■ What to work on ■
Each entry that follows is to be duplicated exactly, without its images.
Segment Open
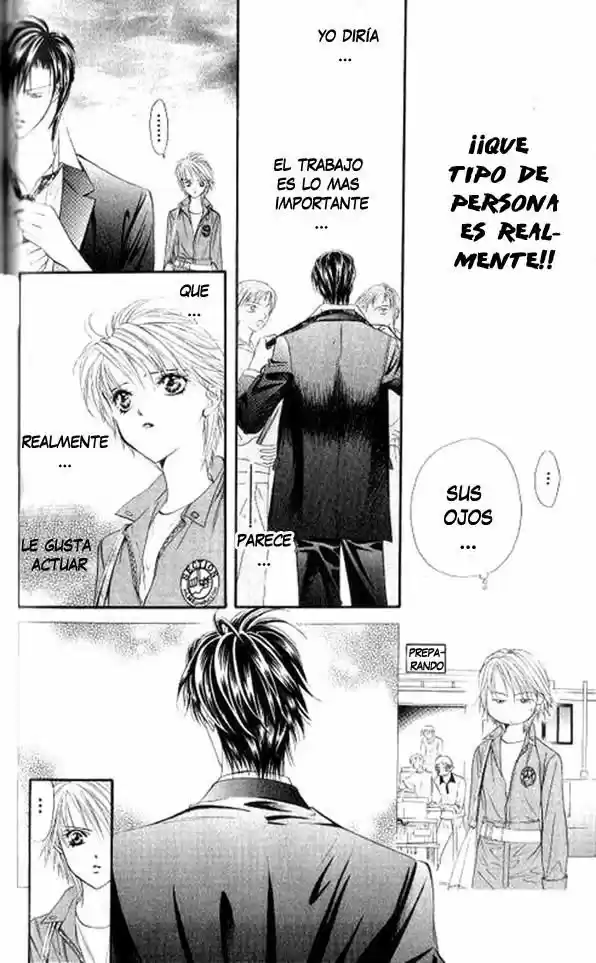 Skip Beat! - Capítulo 34 - Página 19 - LectorTMOo
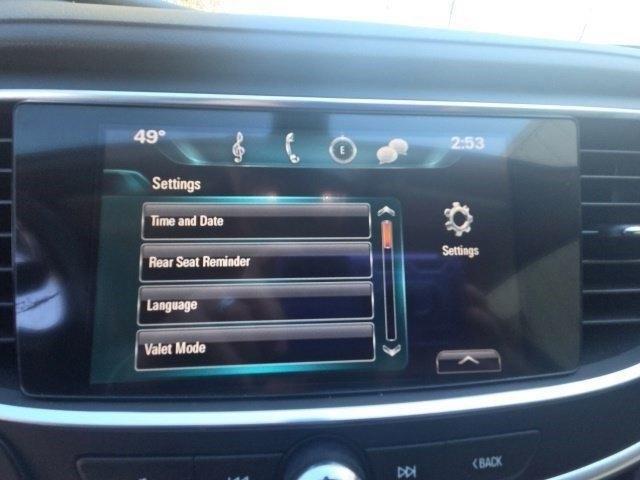 Buick LaCrosse Sport Touring 2019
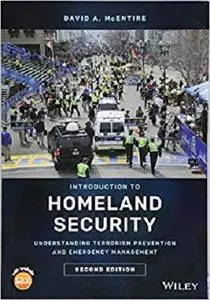 Introduction to Homeland Security: Understanding Terrorism Prevention and Emergency Management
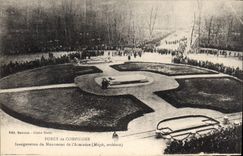 CPA Foret de Compiegne 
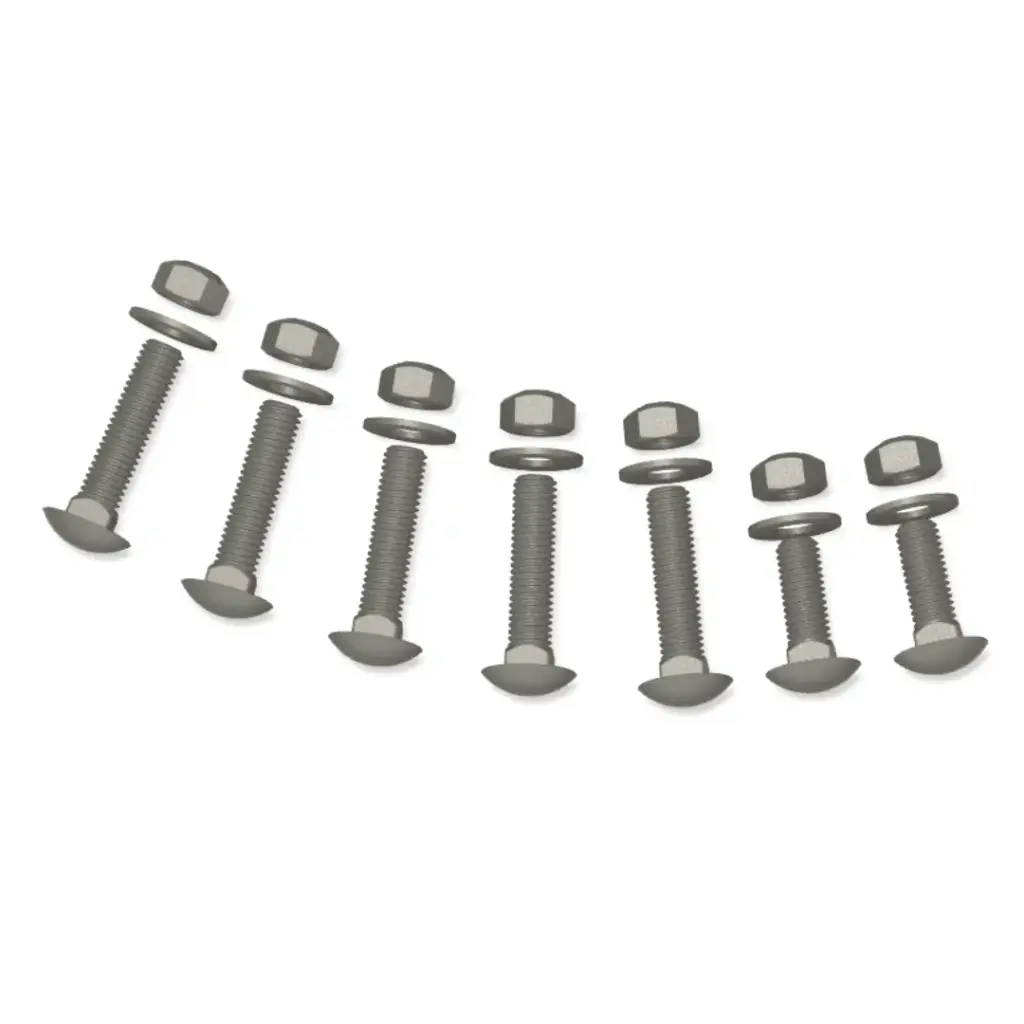 Hardware Kit for Case IH 1200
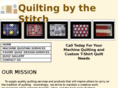 quiltingbythestitch.com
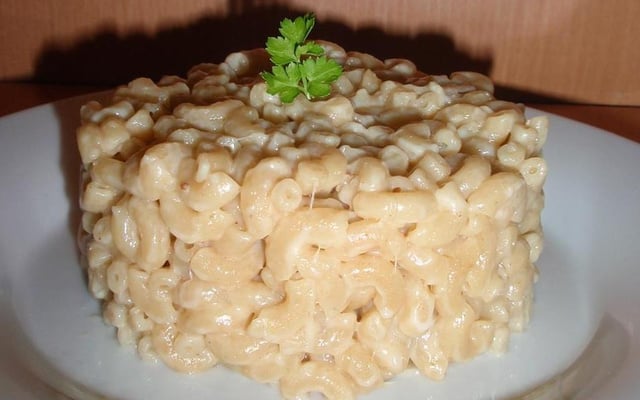 Coquilletto aux fromages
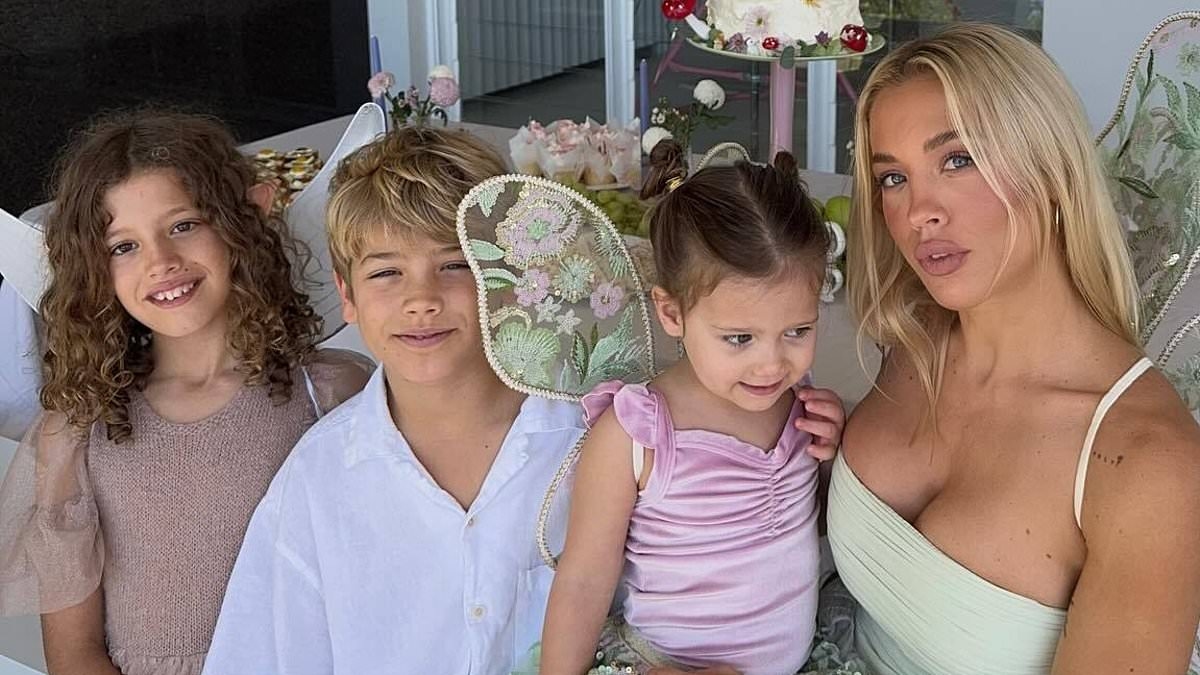 Tammy Hembrow's ex and baby daddy Matt Poole appears to take a swipe at fitness influencer following her split from husband Matt Zukowski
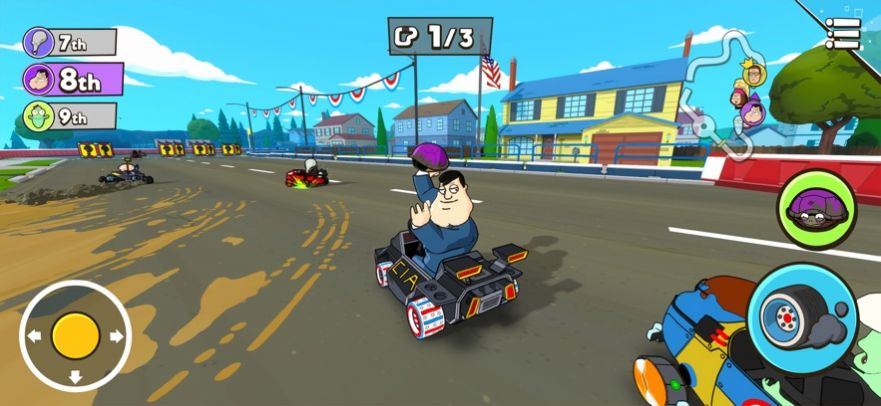 warped kart racers正版下载安装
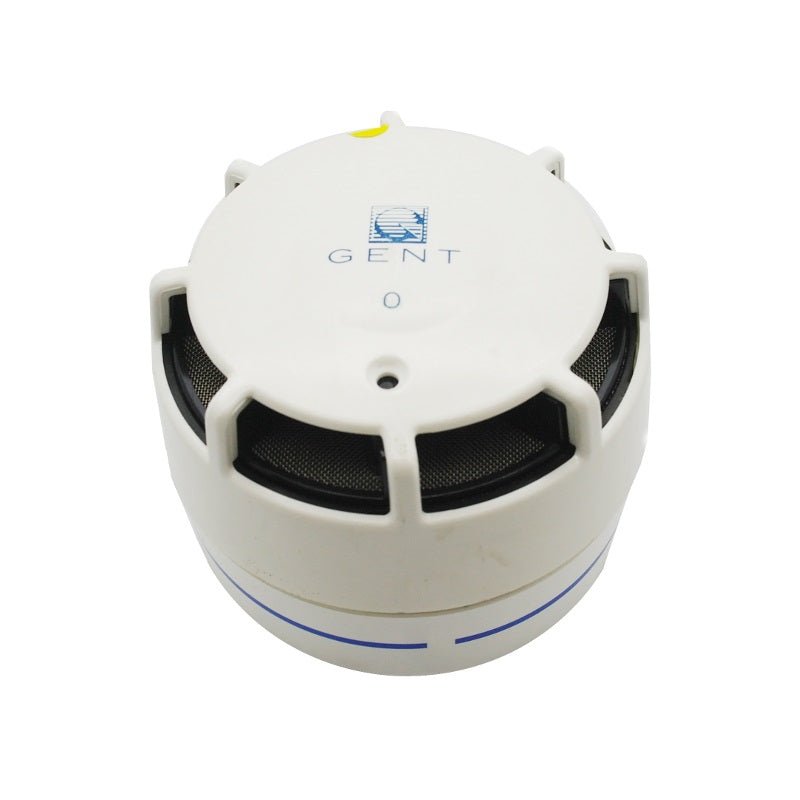 34770 Gent 34000 Optical Heat Sensor Sounder - Fire Trade Supplies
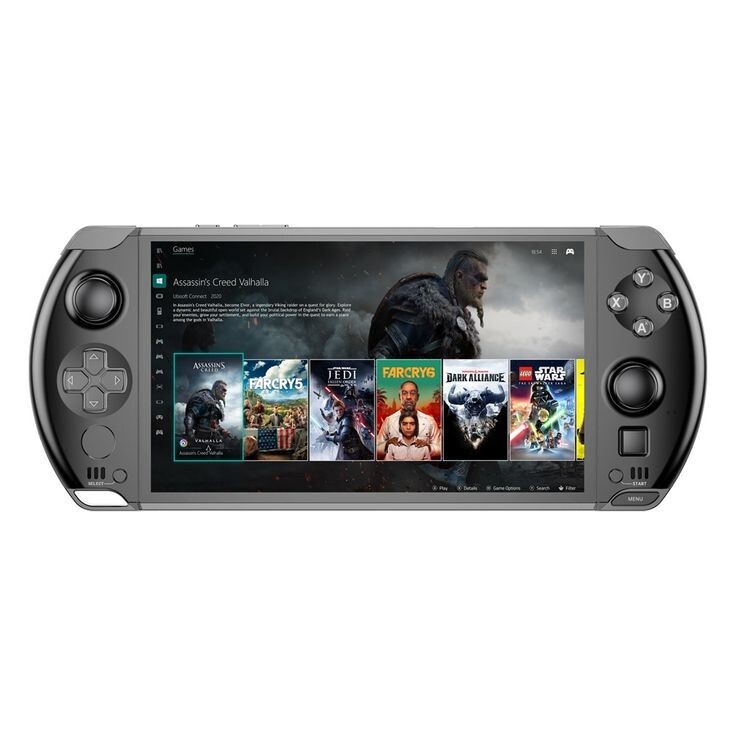 GPD 2023 WIN 4 16GB Memory RAM 512GB Hard Disk Handheld Gaming Portable Device.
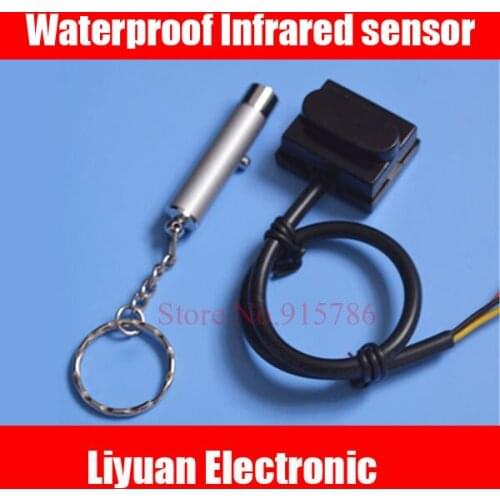 XKC-001A-J Waterproof Infrared sensors / Proactive Infrared sensor / Infrared sensor with relay output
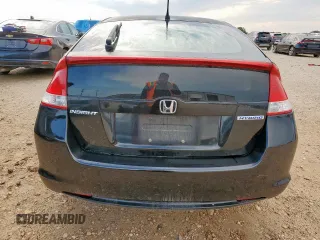 2010 Honda Insight EX z VIN JHMZE2H72AS038002, wystawiony jako Copart lot #58484365 z przebiegiem 178 670 mil mil oraz Szkoda całkowita • Salvage title. Historia ofert i sprzedaży dostępna na DreamBid. Obrazek 6.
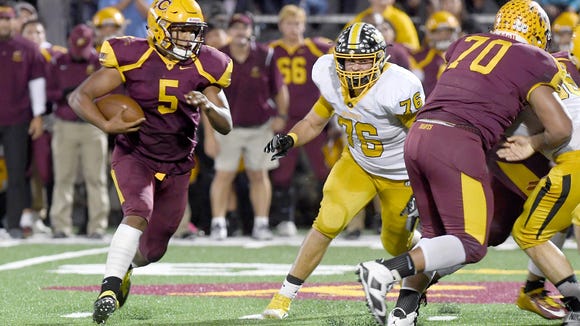 Wnc High School Football Top College Recruits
Segment Closed
■ Answer space ■
 Skip Beat! - Capítulo 34 - Página 19 - LectorTMOo
 Buick LaCrosse Sport Touring 2019
 Introduction to Homeland Security: Understanding Terrorism Prevention and Emergency Management
 CPA Foret de Compiegne 
 Hardware Kit for Case IH 1200
 quiltingbythestitch.com
 Coquilletto aux fromages
 Tammy Hembrow's ex and baby daddy Matt Poole appears to take a swipe at fitness influencer following her split from husband Matt Zukowski
 warped kart racers正版下载安装
 34770 Gent 34000 Optical Heat Sensor Sounder - Fire Trade Supplies
 GPD 2023 WIN 4 16GB Memory RAM 512GB Hard Disk Handheld Gaming Portable Device.
 XKC-001A-J Waterproof Infrared sensors / Proactive Infrared sensor / Infrared sensor with relay output
 2010 Honda Insight EX z VIN JHMZE2H72AS038002, wystawiony jako Copart lot #58484365 z przebiegiem 178 670 mil mil oraz Szkoda całkowita • Salvage title. Historia ofert i sprzedaży dostępna na DreamBid. Obrazek 6.
 Wnc High School Football Top College Recruits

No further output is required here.